» **INSTRUCTIONS TO FOLLOW**: Could you please repeat the entries below word for word, with the images left out?

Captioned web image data
# # # # # # #
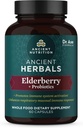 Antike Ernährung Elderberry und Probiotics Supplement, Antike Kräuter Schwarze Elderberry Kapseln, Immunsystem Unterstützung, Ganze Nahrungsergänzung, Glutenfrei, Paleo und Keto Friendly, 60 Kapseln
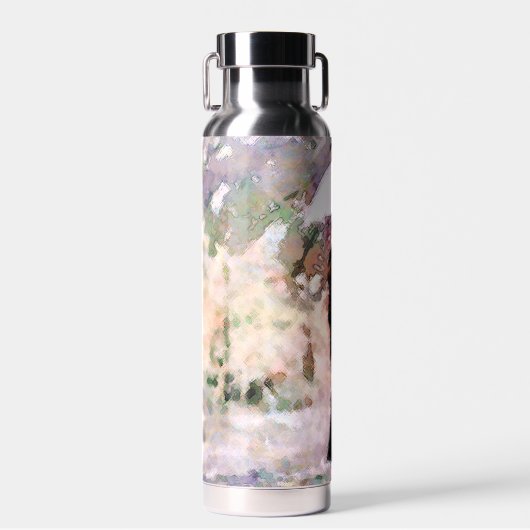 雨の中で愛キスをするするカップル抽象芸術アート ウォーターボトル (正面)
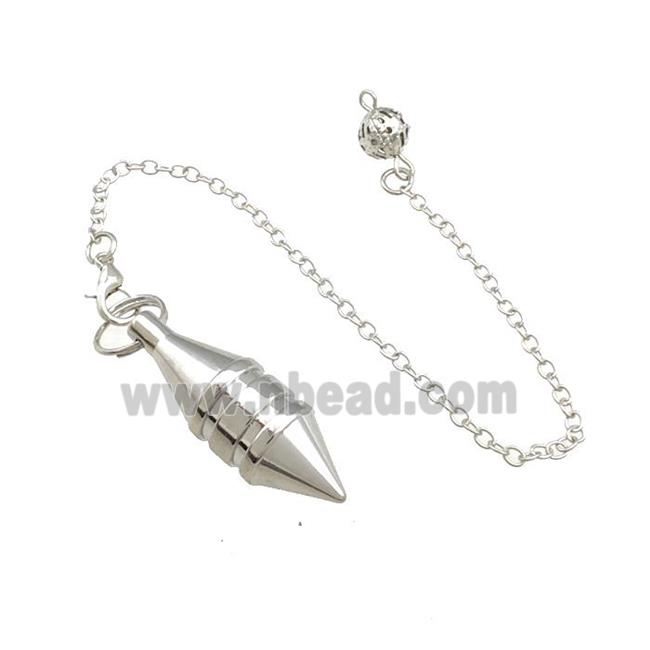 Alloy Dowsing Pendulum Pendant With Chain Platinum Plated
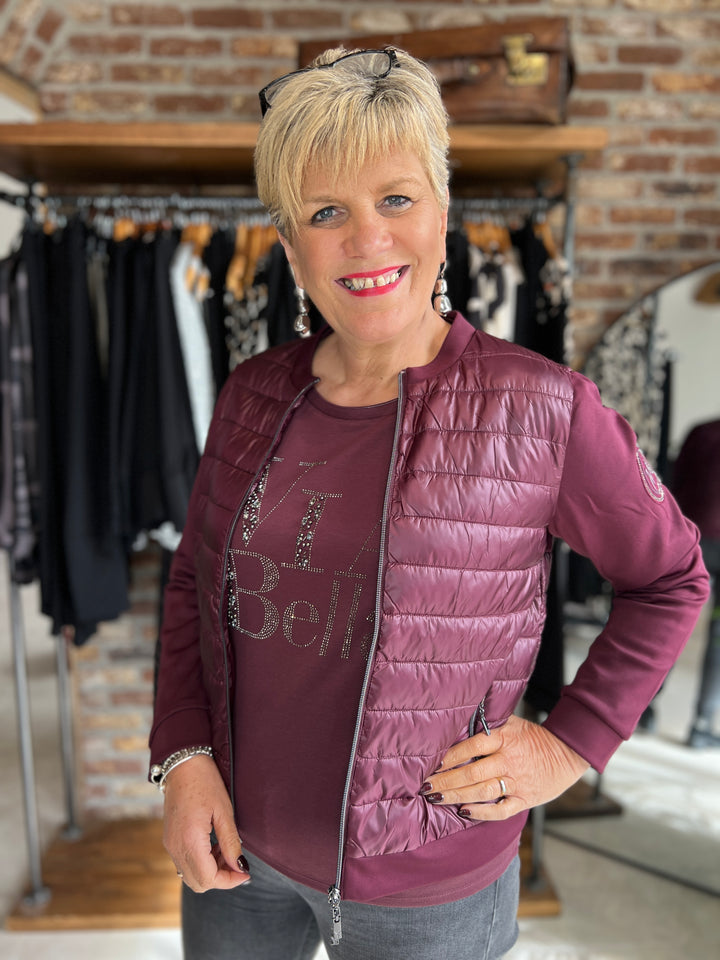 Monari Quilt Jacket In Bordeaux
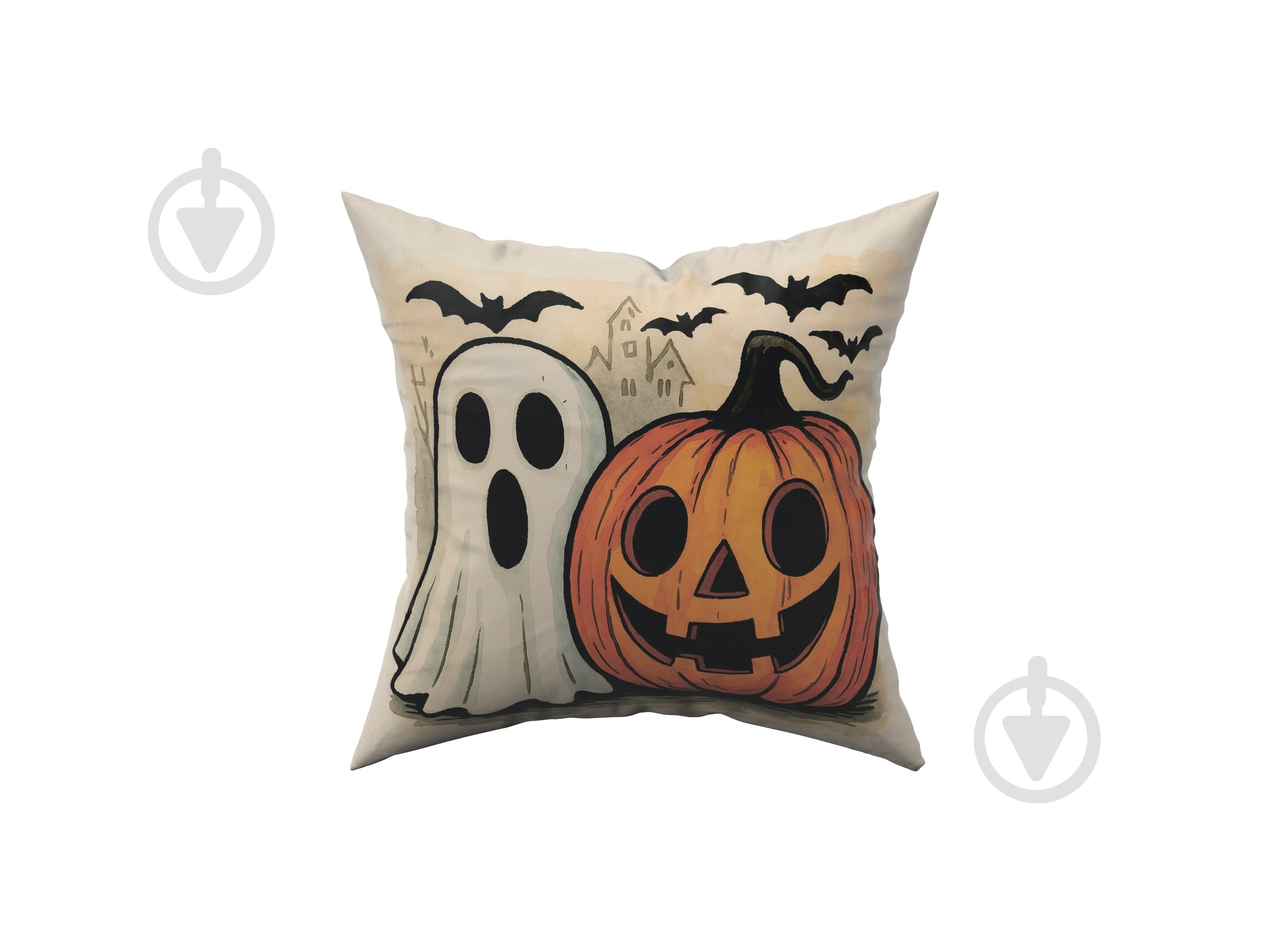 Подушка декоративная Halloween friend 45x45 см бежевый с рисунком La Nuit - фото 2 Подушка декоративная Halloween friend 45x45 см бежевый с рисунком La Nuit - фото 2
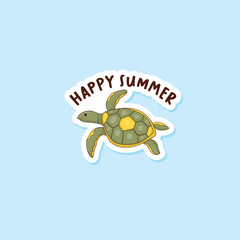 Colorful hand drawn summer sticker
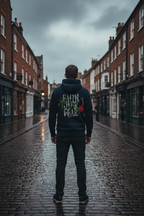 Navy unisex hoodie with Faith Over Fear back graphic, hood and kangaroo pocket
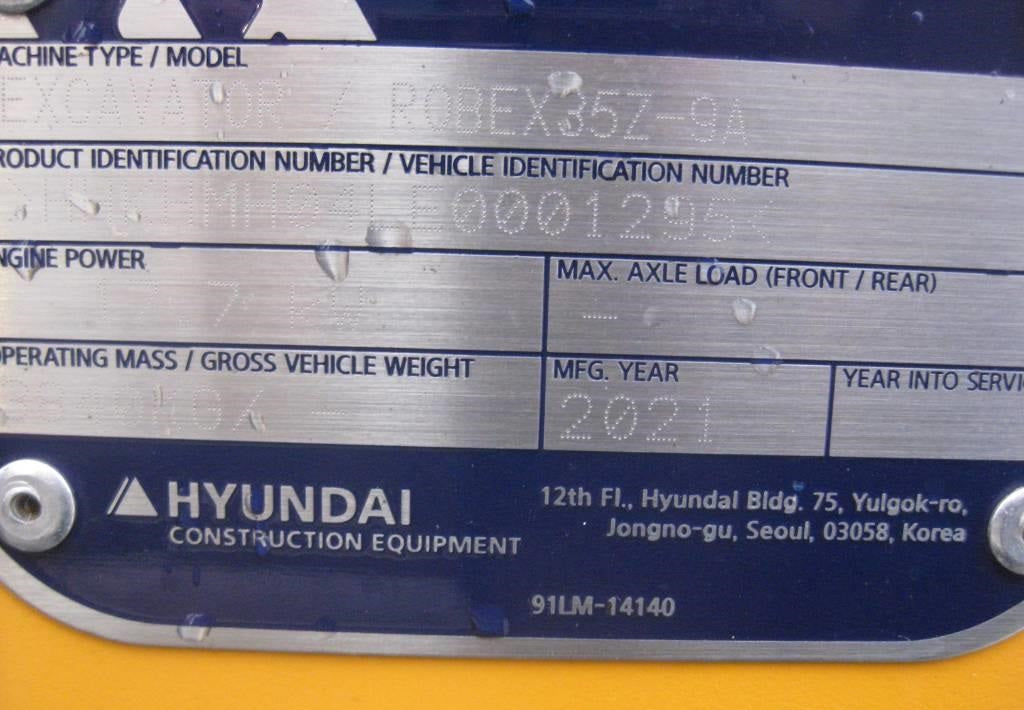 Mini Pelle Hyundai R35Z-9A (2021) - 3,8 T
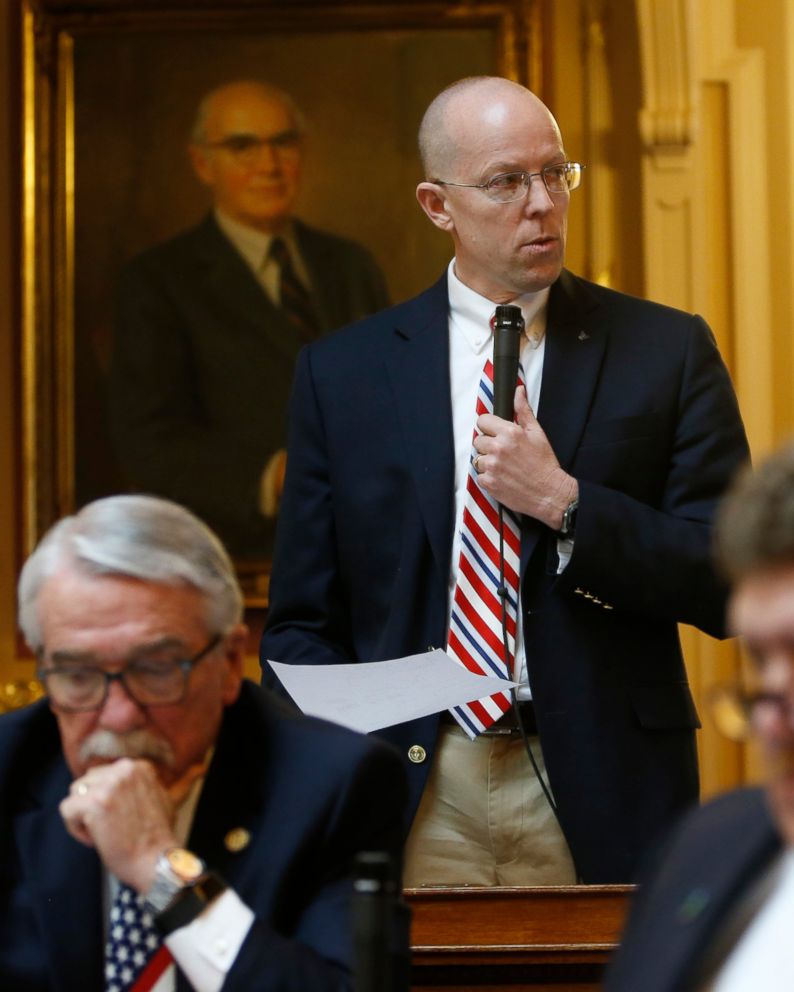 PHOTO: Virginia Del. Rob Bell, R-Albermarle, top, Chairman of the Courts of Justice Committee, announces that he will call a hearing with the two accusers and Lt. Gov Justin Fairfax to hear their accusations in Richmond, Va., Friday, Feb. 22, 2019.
# # # # # # #
» **ANSWER BELOW**:
 Antike Ernährung Elderberry und Probiotics Supplement, Antike Kräuter Schwarze Elderberry Kapseln, Immunsystem Unterstützung, Ganze Nahrungsergänzung, Glutenfrei, Paleo und Keto Friendly, 60 Kapseln
 雨の中で愛キスをするするカップル抽象芸術アート ウォーターボトル (正面)
 Alloy Dowsing Pendulum Pendant With Chain Platinum Plated
 Monari Quilt Jacket In Bordeaux
 Подушка декоративная Halloween friend 45x45 см бежевый с рисунком La Nuit - фото 2 Подушка декоративная Halloween friend 45x45 см бежевый с рисунком La Nuit - фото 2
 Colorful hand drawn summer sticker
 Navy unisex hoodie with Faith Over Fear back graphic, hood and kangaroo pocket
 Mini Pelle Hyundai R35Z-9A (2021) - 3,8 T
 PHOTO: Virginia Del. Rob Bell, R-Albermarle, top, Chairman of the Courts of Justice Committee, announces that he will call a hearing with the two accusers and Lt. Gov Justin Fairfax to hear their accusations in Richmond, Va., Friday, Feb. 22, 2019.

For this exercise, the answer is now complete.